* **Required action**:
Give the listing below again exactly, but without any of its pictures.

*** Data segment Section Begins ***

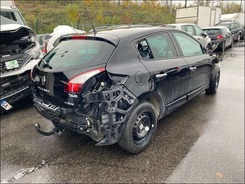 MEGANE  III 2.0 DCI 165 GT  accidentée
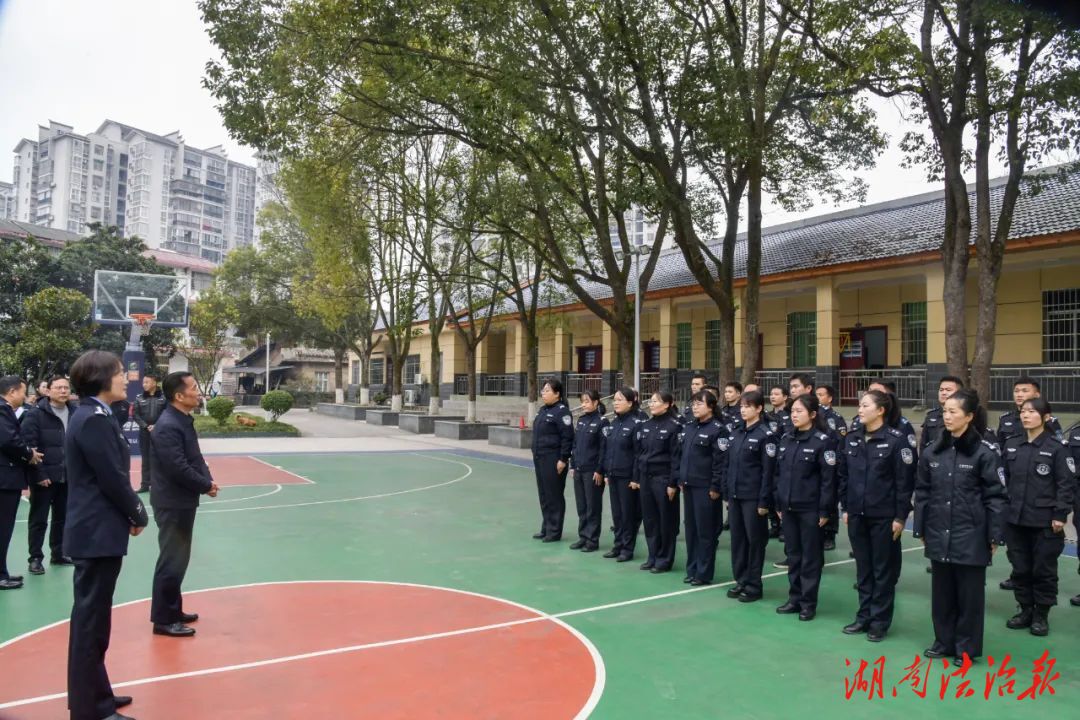 陳紅日一行慰問公安一線民輔警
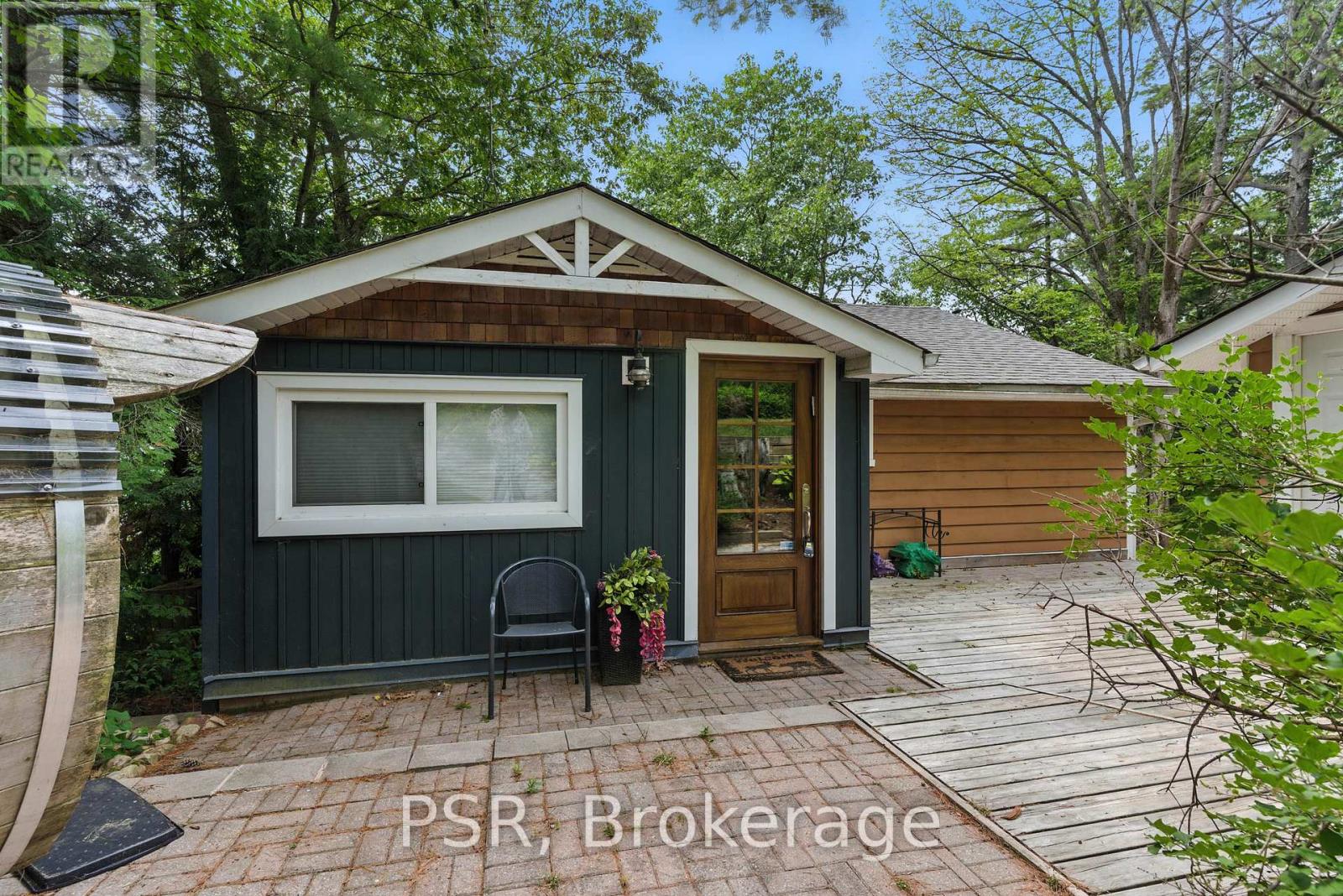 Photo 9 of 1166 Parkers Point Road, Gravenhurst ON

*** Data segment Section Ends ***

* **Task solution**:
 MEGANE  III 2.0 DCI 165 GT  accidentée
 陳紅日一行慰問公安一線民輔警
 Photo 9 of 1166 Parkers Point Road, Gravenhurst ON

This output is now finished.